Anthony G. Chila (dessin Nicolas Blaise)

Sa vision peut se résumer de cette façon (cf schéma): le corps que l’ostéopathe vient appréhender avec ses mains est un ensemble pouvant se diviser en 5 grandes fonctions qui peuvent être altérées sous l’influence de facteurs environnements stressant (traumatismes, infections, mauvaise alimentation & facteurs sociaux). Ces 5 fonctions sont:

La fonction mécanique: « la structure gouverne la fonction »: elle concerne la posture et le mouvement. Si une articulation présente un défaut de mobilité, les articulations environnantes font compenser ce défaut de mouvement. L’étude de cette fonction est la biomécanique.

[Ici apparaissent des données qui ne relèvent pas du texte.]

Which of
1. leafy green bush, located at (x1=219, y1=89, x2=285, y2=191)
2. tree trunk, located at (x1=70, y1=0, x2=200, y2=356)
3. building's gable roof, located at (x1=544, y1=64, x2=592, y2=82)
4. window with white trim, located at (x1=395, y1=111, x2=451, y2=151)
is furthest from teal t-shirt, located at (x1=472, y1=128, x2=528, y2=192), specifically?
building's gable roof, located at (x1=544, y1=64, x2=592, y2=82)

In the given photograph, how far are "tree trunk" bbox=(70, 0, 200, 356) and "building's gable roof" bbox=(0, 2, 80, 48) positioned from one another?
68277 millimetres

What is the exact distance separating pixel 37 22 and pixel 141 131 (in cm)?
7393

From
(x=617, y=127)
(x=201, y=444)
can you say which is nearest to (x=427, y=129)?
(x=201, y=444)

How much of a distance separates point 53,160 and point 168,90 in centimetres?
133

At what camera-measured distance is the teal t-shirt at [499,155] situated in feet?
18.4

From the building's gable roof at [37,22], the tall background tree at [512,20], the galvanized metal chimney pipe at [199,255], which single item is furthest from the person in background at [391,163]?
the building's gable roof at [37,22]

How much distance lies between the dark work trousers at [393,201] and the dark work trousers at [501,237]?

La fonction neurologique (ou plus exactement neuro-sensorielle): le corps dans son ensemble est soumis au contrôle de grands capteurs qui lui donnent des informations pour se positionner (les yeux, la mâchoire, les pieds,… et même le ventre). L’étude théorique de cette fonction est la neuroscience, et la posturologie la met en pratique.

La fonction fluidique-circulatoire: « la règle de l’artère »: si la vascularisation se fait correctement, toutes les structures du corps fonctionneront correctement (sauf s’il existe une lésion organique). L’enjeu de cette fonction est un bon drainage lymphatique.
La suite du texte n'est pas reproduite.